Kenseth affirme que les aérosols affectent le climat de deux manières : premièrement, ils bloquent la lumière du soleil entrante, l’empêchant d’atteindre la surface de la Terre (tout comme ils pourraient bloquer la vue sur les montagnes lors d’une journée de smog à Los Angeles). Deuxièmement, ils agissent comme une graine pour la formation de nuages, qui réfléchissent également la lumière du soleil vers l’espace. En fait, sans particules d’aérosol, il y aurait beaucoup moins de nuages ​​dans l’atmosphère.

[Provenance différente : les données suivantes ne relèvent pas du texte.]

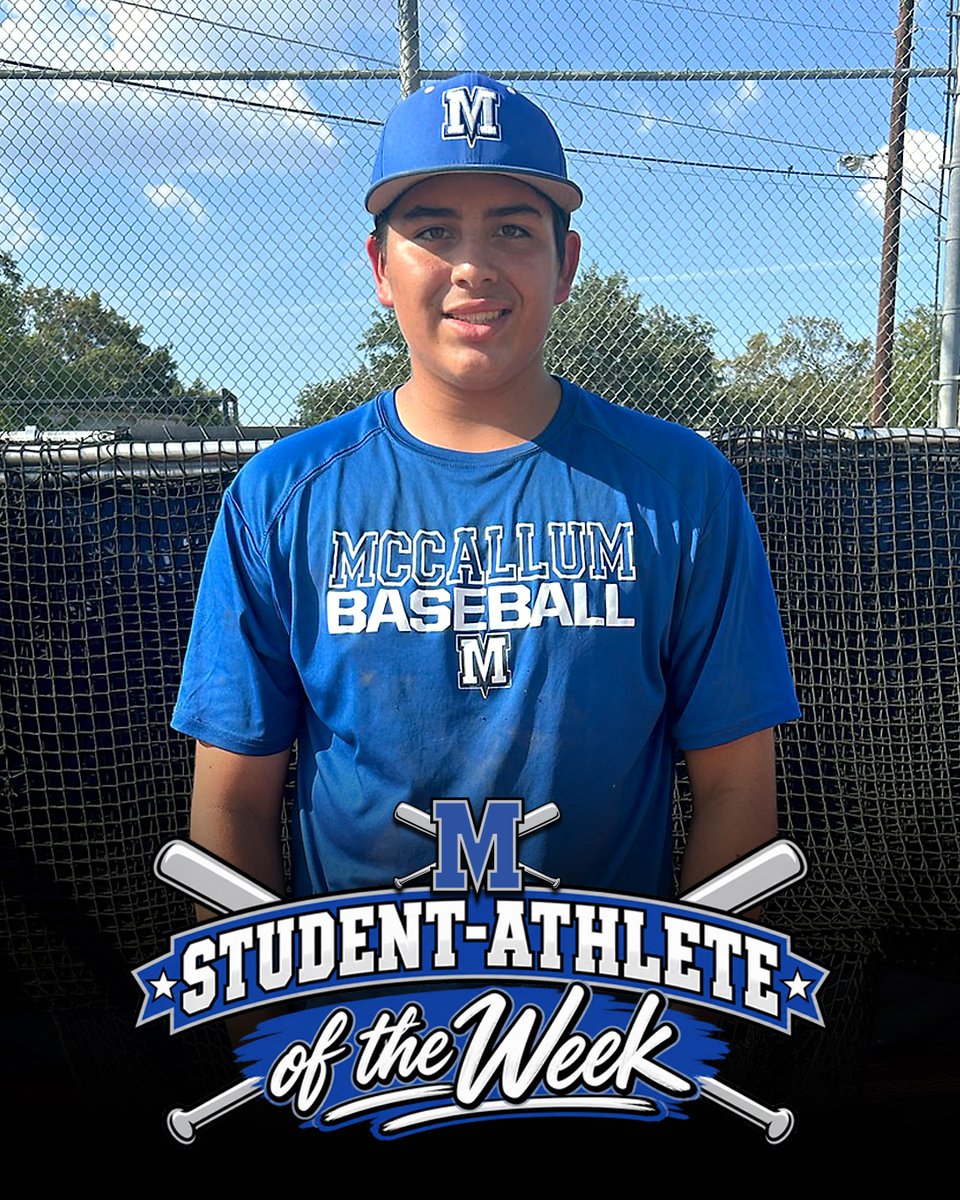 MacKnightBSBL's tweet photo. Congratulations Student-Athlete of the Week, Callen Martanovic!

Callen has been crushing it on the field, in the weight room, and in the classroom! He consistently shows respect both on and off the field and approaches everything we do with a great attitude.

On the mound and at the plate, the sophomore keeps things simple and competes. He has been fantastic on the mound all fall while also swinging a hot bat. This past week, Callen came through with a clutch RBI double to tie the game against their fall opponent.

What stands out most is his consistency. Callen shows up every day ready to work and grind, not just for himself, but for his teammates and the entire program. His positive attitude, work ethic, and drive will be a huge asset as we head into the spring season.

Way to represent the BMT culture! Keep it up. Go Knights!!! ⚔️⚾️💪
#BMT 
@CallenMartanovi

Les plantes et les arbres émettent d’innombrables composés qui forment des aérosols secondaires, mais dans cette étude, les chercheurs se sont concentrés spécifiquement sur une paire de composés appelés alpha-pinène et bêta-pinène, qui sont émis par les conifères et donnent aux arbres leur odeur caractéristique de pin. Ces pinènes constituent une part importante des COV rejetés dans les zones forestières et sont donc responsables d’une grande partie de la formation d’aérosols.

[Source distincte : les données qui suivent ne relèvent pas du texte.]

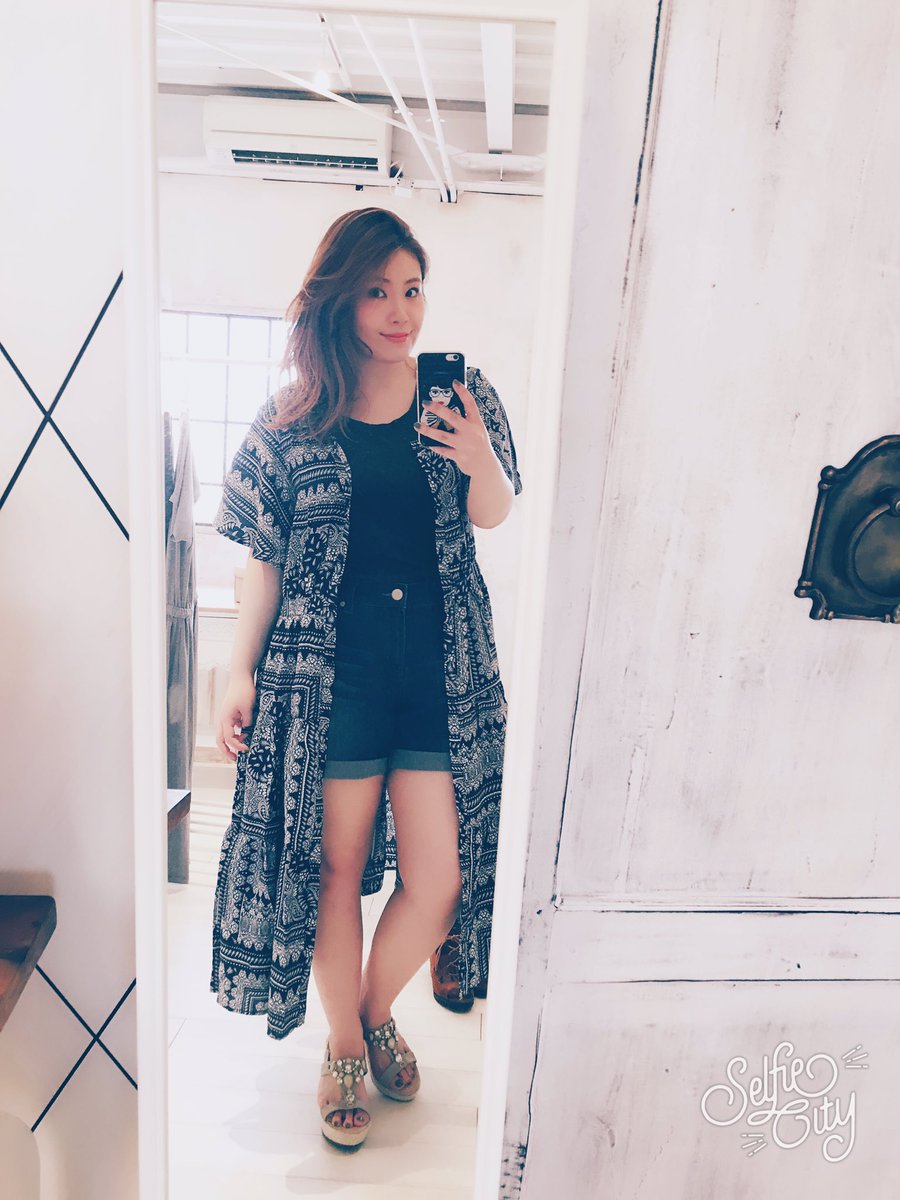 インスタ Instagram プラスサイズモデル安藤うぃコーデ La Farfa ぽっちゃり女子のおしゃれ応援マガジン ラ ファーファ公式サイト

L’importance de la formation mondiale d’aérosols atmosphériques est connue depuis des décennies et ce que l’on appelle le « système pinène » est étudié depuis plus de 40 ans. Au cours des deux dernières décennies, de multiples analyses ont montré que les dimères (composés constitués de deux molécules plus petites et similaires reliées par une liaison chimique) sont des composants majeurs des aérosols dérivés du pinène.

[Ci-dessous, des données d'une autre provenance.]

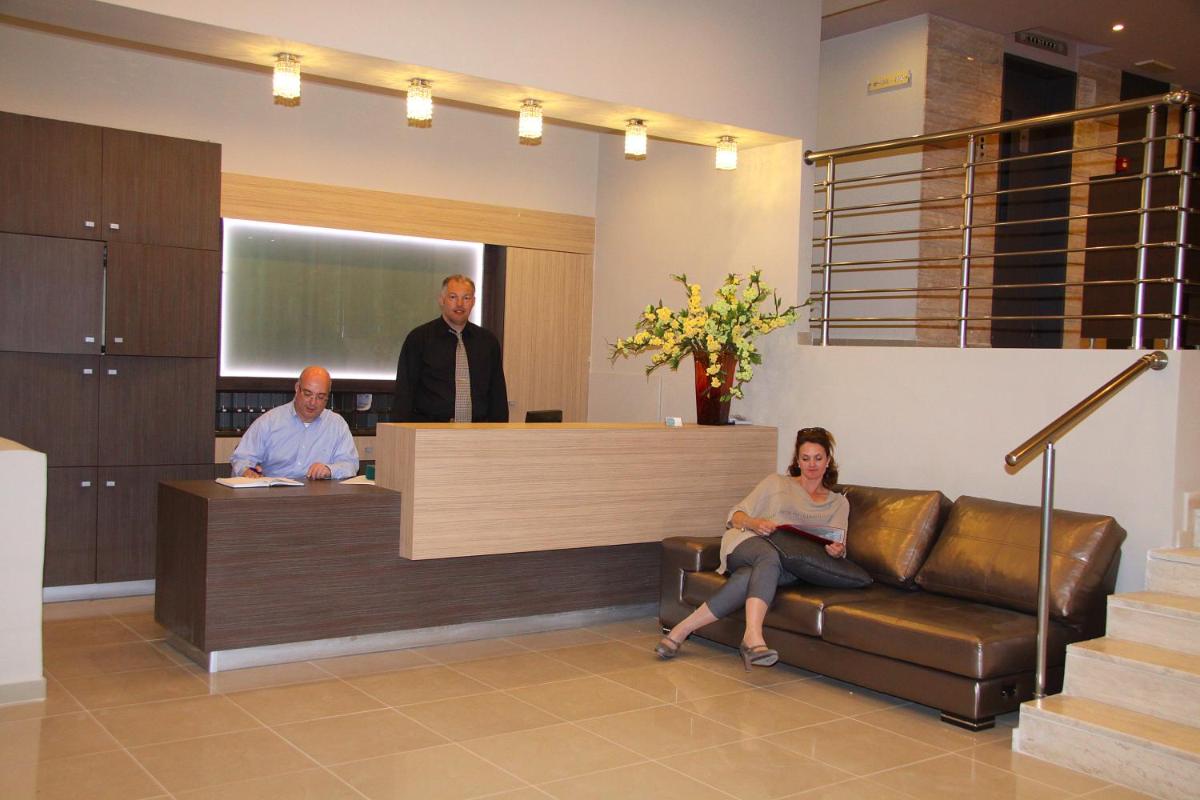 hotel reception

Cependant, comme la chimie d’oxydation qui forme l’aérosol à partir du pinène est extrêmement complexe, les chimistes atmosphériques n’avaient auparavant développé que des suppositions éclairées quant à l’identité de ces dimères et, par extension, à la manière dont ils se forment.

Dans la présente étude, Kenseth s’est appuyé sur les ressources des laboratoires Seinfeld, Wennberg et Stoltz pour découvrir les structures et le mécanisme de formation des dimères identifiés dans les aérosols dérivés du pinène en utilisant une combinaison d’expériences en laboratoire et de synthèse organique.

« Compte tenu de l’importance reconnue des dimères de pinène, il est surprenant que le mécanisme de leur formation soit resté opaque pendant si longtemps », explique Wennberg. « C’est vraiment un hommage à la capacité de synthétiser les composés putatifs et d’étudier leur comportement qui a permis cette science. »

Kenseth a généré un aérosol dérivé du pinène dans la chambre environnementale de Caltech, un grand sac en téflon (24 000 litres) qui simule l’atmosphère réelle mais permet un contrôle strict des conditions telles que la température et l’humidité. En collectant l’aérosol sur des filtres et en analysant sa composition moléculaire par spectrométrie de masse, Kenseth a pu proposer des structures pour les principaux dimères identifiés dans les échantillons d’aérosol.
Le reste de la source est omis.